All programs need to be checked for errors. For example, 3 / 0, this program will have errors; when should we check it?

When writing a program, as long as the division by 0 appears in the editor, an error will be reported.

When compiling, if the division by 0 is detected, an error will be reported.

When the program is running, it runs to divide by 9, and an error is reported.

No error is reported, and infinity (+inf.0) is returned.

Different language designs will choose to report errors at different times during these four processes. The difference between static type and dynamic type is when the type error is reported? For example, 3 / “a” static types are mostly at compile-time, and dynamic types are mostly at program runtime. How to report a type of error? There will be a type checking mechanism in the language. The purpose of type checking is to avoid something happening in the program.

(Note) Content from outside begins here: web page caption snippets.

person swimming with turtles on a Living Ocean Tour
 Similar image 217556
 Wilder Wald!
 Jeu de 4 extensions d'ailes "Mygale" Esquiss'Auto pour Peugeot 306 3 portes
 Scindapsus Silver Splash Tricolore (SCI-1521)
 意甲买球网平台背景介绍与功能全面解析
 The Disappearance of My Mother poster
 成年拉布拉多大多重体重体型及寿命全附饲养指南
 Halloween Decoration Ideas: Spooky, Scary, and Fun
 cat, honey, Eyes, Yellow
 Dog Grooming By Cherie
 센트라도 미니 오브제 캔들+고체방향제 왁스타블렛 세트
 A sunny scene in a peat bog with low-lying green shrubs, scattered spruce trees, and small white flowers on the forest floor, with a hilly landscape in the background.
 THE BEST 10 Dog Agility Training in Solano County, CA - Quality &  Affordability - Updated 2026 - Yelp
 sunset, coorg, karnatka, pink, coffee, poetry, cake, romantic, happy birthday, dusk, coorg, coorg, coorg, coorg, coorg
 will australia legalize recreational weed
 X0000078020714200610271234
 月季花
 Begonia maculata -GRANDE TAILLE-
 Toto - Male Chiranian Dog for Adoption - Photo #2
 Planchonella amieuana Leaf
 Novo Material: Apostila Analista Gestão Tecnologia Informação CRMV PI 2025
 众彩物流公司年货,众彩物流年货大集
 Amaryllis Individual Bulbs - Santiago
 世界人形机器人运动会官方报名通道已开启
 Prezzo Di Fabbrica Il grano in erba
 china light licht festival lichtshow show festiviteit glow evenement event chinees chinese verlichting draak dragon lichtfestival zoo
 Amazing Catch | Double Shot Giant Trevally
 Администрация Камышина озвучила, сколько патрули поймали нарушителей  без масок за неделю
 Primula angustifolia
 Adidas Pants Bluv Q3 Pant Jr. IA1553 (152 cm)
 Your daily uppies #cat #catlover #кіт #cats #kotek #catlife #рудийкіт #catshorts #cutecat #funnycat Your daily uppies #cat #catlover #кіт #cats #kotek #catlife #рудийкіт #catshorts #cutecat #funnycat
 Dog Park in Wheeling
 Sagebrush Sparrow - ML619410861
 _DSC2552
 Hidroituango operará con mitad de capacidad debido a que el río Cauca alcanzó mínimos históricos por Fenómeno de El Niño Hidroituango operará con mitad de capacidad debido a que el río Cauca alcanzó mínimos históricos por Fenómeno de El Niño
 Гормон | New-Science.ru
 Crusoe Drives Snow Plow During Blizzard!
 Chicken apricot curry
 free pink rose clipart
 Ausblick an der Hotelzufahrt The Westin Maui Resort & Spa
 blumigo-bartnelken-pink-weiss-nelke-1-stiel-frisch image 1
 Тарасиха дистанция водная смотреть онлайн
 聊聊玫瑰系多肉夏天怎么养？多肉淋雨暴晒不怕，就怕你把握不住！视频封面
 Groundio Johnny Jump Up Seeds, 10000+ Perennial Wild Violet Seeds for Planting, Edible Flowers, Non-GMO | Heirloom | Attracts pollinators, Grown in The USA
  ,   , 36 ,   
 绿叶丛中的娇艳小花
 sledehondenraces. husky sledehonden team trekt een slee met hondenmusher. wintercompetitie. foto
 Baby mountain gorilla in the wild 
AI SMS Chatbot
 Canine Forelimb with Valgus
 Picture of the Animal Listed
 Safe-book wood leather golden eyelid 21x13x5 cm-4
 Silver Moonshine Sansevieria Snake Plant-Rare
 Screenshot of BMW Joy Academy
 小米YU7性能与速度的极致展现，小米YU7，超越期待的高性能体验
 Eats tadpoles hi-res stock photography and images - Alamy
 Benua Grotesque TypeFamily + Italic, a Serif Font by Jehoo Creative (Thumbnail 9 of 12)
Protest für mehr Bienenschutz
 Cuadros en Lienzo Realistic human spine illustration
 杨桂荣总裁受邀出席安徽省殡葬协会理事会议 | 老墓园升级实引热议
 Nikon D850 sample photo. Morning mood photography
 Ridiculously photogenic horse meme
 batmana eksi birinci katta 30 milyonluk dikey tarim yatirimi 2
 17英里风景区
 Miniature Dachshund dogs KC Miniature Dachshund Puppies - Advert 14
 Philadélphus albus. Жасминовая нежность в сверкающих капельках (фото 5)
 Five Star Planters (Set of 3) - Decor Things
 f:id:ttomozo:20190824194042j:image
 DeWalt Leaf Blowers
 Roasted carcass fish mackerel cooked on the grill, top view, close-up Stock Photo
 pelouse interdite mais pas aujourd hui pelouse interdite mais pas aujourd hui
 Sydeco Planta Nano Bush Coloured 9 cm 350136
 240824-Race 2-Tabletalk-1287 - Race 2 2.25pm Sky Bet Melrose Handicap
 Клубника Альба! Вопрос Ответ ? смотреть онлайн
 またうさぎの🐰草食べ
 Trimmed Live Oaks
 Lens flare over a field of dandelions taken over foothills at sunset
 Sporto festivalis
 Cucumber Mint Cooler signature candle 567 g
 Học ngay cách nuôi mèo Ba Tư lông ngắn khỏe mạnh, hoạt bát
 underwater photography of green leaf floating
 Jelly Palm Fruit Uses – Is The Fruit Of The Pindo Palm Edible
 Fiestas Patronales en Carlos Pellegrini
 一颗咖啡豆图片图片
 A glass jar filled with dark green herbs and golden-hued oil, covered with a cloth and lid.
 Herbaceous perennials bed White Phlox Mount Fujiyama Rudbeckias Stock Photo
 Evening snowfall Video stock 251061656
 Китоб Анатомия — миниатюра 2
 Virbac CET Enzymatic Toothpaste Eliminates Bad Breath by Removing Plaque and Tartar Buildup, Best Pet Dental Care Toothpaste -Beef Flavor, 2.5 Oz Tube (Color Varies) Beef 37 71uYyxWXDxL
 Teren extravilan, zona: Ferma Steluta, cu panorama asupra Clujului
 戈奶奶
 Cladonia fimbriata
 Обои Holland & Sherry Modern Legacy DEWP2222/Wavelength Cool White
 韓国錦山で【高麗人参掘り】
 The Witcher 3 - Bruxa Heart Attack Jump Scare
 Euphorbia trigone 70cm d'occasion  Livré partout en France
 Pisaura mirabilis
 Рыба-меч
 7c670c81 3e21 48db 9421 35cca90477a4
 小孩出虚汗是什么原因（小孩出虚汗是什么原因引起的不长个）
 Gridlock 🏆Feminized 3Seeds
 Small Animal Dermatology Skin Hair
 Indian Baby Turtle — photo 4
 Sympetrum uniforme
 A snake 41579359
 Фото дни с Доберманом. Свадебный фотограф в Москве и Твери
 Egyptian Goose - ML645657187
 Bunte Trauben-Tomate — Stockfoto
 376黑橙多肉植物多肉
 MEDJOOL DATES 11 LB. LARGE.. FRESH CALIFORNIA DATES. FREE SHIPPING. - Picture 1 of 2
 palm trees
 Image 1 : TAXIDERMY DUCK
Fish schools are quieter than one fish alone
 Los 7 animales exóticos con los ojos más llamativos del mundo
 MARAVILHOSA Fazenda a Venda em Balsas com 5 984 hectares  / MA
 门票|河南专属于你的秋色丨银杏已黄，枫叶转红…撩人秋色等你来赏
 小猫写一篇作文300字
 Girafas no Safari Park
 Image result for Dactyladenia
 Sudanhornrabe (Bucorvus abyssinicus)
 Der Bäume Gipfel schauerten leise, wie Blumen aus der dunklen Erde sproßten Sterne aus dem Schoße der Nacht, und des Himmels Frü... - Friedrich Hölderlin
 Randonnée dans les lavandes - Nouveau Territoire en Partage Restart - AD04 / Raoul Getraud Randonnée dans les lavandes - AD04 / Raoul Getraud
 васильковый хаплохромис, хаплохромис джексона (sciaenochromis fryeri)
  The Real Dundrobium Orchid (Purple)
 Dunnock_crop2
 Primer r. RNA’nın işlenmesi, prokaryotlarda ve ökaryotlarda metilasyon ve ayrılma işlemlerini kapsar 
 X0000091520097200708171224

A programming language designed to consider to check what type of program? , How to perform type checking? Static typing and dynamic typing are the product of different answers to these two questions.

Comparison from the perspective of writing code

Convenience

Static typing is better: Static typing is more convenient because there is no need to check whether x is a number;* can only be a number by default.

Dynamic typing is better: Dynamic typing is more convenient because it can return different types as needed. Static typing needs to construct a new data type to achieve.

What are Static typing vs. dynamic typing pros and cons

Writing code is the most creative and satisfying part of creating software from scratch. However, to make sure the code works, you need to analyze it. For this, we have the Dynamic Code Analysis and its static analysis. Which of the two types of analysis is more convenient?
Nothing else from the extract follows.